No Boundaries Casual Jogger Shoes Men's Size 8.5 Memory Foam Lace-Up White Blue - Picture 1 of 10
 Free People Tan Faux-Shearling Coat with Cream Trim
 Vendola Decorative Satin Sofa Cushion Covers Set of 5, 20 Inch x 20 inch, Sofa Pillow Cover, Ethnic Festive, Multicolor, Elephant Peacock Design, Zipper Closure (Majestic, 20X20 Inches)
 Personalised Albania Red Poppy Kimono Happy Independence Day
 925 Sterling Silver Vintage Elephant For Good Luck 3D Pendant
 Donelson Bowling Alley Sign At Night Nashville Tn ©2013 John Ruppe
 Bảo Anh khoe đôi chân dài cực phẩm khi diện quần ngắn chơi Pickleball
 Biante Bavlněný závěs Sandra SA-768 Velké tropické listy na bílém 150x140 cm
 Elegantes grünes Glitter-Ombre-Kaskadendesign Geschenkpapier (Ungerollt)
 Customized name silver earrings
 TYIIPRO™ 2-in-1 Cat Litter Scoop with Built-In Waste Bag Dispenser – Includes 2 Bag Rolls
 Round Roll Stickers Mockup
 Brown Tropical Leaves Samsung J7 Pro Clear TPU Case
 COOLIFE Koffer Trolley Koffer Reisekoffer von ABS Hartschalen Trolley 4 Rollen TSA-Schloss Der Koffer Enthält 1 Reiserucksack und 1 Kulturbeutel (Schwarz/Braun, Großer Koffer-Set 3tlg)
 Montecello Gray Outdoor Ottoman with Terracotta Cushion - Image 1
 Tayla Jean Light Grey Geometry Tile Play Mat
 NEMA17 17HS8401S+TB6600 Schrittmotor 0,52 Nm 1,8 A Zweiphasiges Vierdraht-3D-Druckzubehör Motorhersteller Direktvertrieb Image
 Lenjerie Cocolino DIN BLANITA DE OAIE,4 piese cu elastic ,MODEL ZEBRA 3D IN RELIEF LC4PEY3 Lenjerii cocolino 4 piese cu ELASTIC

*EXERCISE REQUIREMENTS*. Note each line of the material holding "Image" and copy it out.

*WRITTEN SOLUTION*.
 Montecello Gray Outdoor Ottoman with Terracotta Cushion - Image 1
 NEMA17 17HS8401S+TB6600 Schrittmotor 0,52 Nm 1,8 A Zweiphasiges Vierdraht-3D-Druckzubehör Motorhersteller Direktvertrieb Image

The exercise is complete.